> What this task involves
The entries that follow need to be retyped verbatim.

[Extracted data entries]
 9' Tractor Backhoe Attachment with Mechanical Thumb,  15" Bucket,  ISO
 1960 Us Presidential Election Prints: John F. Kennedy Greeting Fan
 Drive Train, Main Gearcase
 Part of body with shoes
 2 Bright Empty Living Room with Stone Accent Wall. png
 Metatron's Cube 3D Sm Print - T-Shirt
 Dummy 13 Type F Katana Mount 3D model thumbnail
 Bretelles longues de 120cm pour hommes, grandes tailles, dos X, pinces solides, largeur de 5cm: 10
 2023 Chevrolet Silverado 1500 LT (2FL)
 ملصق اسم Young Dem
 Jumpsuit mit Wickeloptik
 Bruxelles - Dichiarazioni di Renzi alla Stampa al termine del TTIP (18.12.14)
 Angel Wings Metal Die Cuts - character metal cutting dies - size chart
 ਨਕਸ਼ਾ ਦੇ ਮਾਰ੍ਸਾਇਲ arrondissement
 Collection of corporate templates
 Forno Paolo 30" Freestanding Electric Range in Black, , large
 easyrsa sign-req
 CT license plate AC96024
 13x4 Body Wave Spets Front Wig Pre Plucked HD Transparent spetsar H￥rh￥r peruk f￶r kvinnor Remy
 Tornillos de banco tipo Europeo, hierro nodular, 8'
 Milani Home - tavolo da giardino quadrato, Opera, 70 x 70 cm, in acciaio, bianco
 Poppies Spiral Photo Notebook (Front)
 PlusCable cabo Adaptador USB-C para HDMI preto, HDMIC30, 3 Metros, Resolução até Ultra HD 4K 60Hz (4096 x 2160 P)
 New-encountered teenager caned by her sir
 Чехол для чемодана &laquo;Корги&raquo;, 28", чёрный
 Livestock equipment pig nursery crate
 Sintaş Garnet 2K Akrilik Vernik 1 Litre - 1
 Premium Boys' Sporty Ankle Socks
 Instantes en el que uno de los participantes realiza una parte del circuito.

> Your solution
 9' Tractor Backhoe Attachment with Mechanical Thumb,  15" Bucket,  ISO
 1960 Us Presidential Election Prints: John F. Kennedy Greeting Fan
 Drive Train, Main Gearcase
 Part of body with shoes
 2 Bright Empty Living Room with Stone Accent Wall. png
 Metatron's Cube 3D Sm Print - T-Shirt
 Dummy 13 Type F Katana Mount 3D model thumbnail
 Bretelles longues de 120cm pour hommes, grandes tailles, dos X, pinces solides, largeur de 5cm: 10
 2023 Chevrolet Silverado 1500 LT (2FL)
 ملصق اسم Young Dem
 Jumpsuit mit Wickeloptik
 Bruxelles - Dichiarazioni di Renzi alla Stampa al termine del TTIP (18.12.14)
 Angel Wings Metal Die Cuts - character metal cutting dies - size chart
 ਨਕਸ਼ਾ ਦੇ ਮਾਰ੍ਸਾਇਲ arrondissement
 Collection of corporate templates
 Forno Paolo 30" Freestanding Electric Range in Black, , large
 easyrsa sign-req
 CT license plate AC96024
 13x4 Body Wave Spets Front Wig Pre Plucked HD Transparent spetsar H￥rh￥r peruk f￶r kvinnor Remy
 Tornillos de banco tipo Europeo, hierro nodular, 8'
 Milani Home - tavolo da giardino quadrato, Opera, 70 x 70 cm, in acciaio, bianco
 Poppies Spiral Photo Notebook (Front)
 PlusCable cabo Adaptador USB-C para HDMI preto, HDMIC30, 3 Metros, Resolução até Ultra HD 4K 60Hz (4096 x 2160 P)
 New-encountered teenager caned by her sir
 Чехол для чемодана &laquo;Корги&raquo;, 28", чёрный
 Livestock equipment pig nursery crate
 Sintaş Garnet 2K Akrilik Vernik 1 Litre - 1
 Premium Boys' Sporty Ankle Socks
 Instantes en el que uno de los participantes realiza una parte del circuito.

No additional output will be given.